The consortium of consists of domestic upstream players – ND Western, Aradel Energy, First E&P and Waltersmith, plus trading company Petrolin.
Completion of the transaction was in jeopardy in October, when the Abuja-based government declined to sanction it, arguing that it did not meet certain regulatory requirements.
However, in December, the Renaissance deal received presidential assent.
This approval occurred at the same time that Shell took a final investment decision on its long-delayed Bonga North project offshore Nigeria, targeting first oil by the end of the decade, much longer than a subsea project of this scale would normally take.

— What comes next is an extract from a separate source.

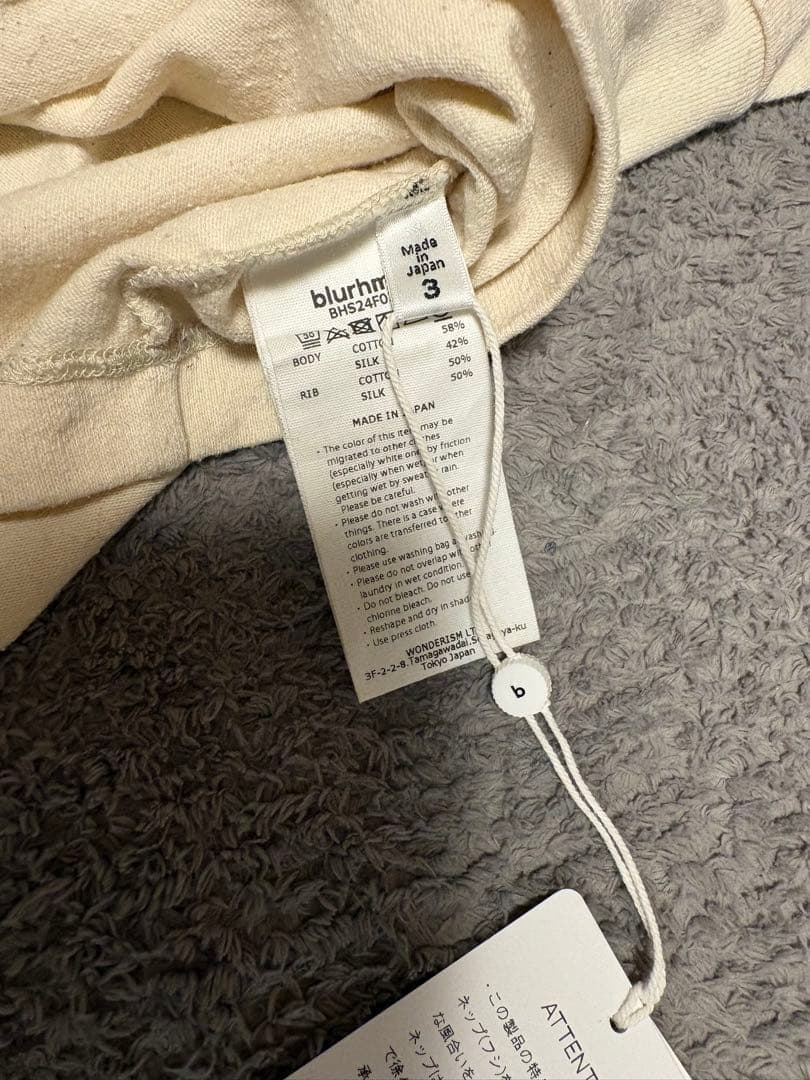 blurhms ブラームス Co/Silk Nep Raglan Tee 3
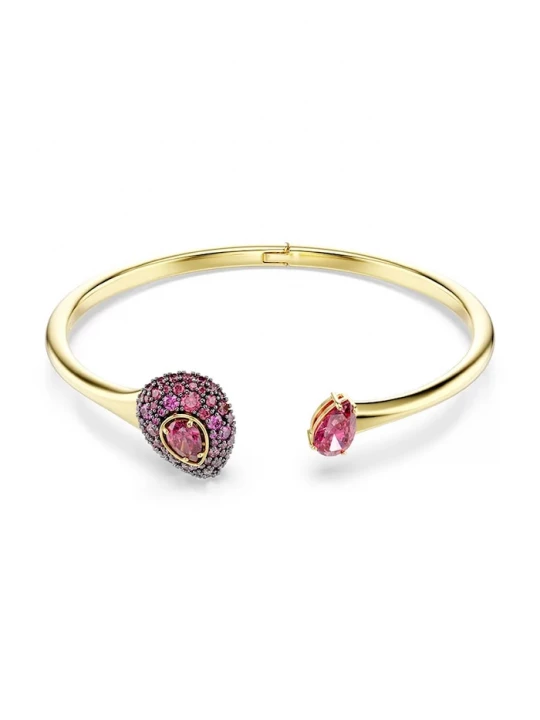 Obrázek produktu Swarovski náramek dámský pozlacený kovový kubickým zirkonem SUBLIMA růžová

As a result of the deal now being done and dusted, SPDC’s name will be called Renaissance Africa Energy Company Limited.
Tony Attah, managing director and chief executive officer of Renaissance Africa said: “We and our shareholder companies are pleased that the federal government has given the green light for this milestone acquisition in line with the provisions of the Petroleum Industry Act.”
Shell said the sale aligns with the supermajor’s intent to simplify its presence in Nigeria by exiting onshore oil production in the Niger Delta and focus on future “disciplined investment” in its deepwater and integrated gas positions” in the country.
Renaissance now controls SPDC’s 30% stake in the SPDC joint venture, an unincorporated joint venture in which state-owned NNPC holds a 55% stake, TotalEnergies has a 10% interest and Eni controls 5%.
Shell said no “significant impairments” are expected as a result of completion of the transaction.